Belakangan ini perilaku hedonisme di kalangan pejabat publik kembali menjadi sorotan, hal itu menjadi perbincangan masyarakat setelah munculnya kasus penganiayaan yang dilakukan oleh anak pejabat dirjen pajak yang yang diketahui kerap kali memamerkan kehidupan glamornya dengan barang-barang mewah di sosial media.
Kemunculan kasus tersebut seperti menjadi pintu masuk atas terkuaknya kasus lain yang dilakukan oleh dirjen pajak, pasalnya terlihat dari kejanggalan jumlah harta kekayaan pribadi yang tidak sesuai dengan penghasilan yang seharusnya, kasus ini menarik perhatian berbagai macam kalangan tak terkecuali menteri keuangan Sri Mulyani yang meminta agar direktorat jenderal pajak pemeriksa dan mengusut kewajaran harta kekayaan dirjen pajak tersebut.

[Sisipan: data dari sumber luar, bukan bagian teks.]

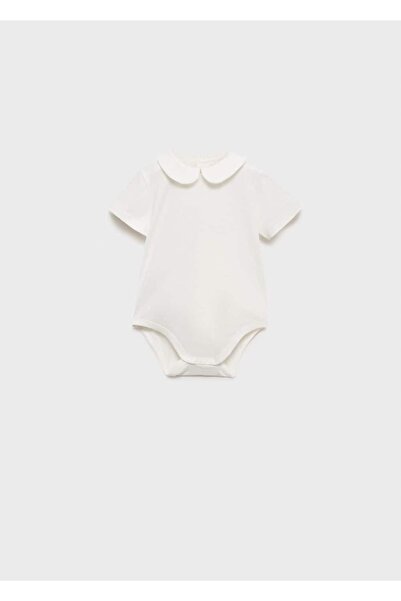MANGO Baby Cotton Baby Collar Bodysuit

Perilaku hedonisme seharusnya menjadi perhatian pihak terkait atas terjadinya cikal bakal perilaku korupsi pada pejabat negara, pihak terkait harus lebih membuka mata dan mengawasi harta kekayaan pejabat publik.

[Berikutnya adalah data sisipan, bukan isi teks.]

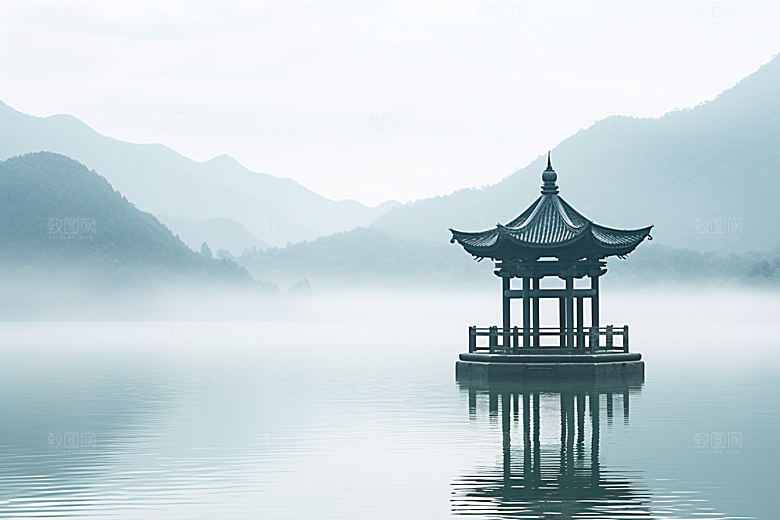 杭州城市风光景点景色摄影图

Dalam perspektif filsafat, hedonisme dapat diartikan suatu pandangan hidup yang beranggapan setiap individu dikatakan bahagia dengan cara mencari kebahagiaan sebanyak-banyaknya dan selalu menghindari suatu perasaan-perasaan yang dapat berakibat menyakitkan (Dwiatnto, 2022). Gaya hidup hedonis pejabat merujuk pada perilaku atau kebiasaan pejabat yang cenderung mencari kesenangan dan kepuasan diri melalui aktivitas yang mahal dan mewah.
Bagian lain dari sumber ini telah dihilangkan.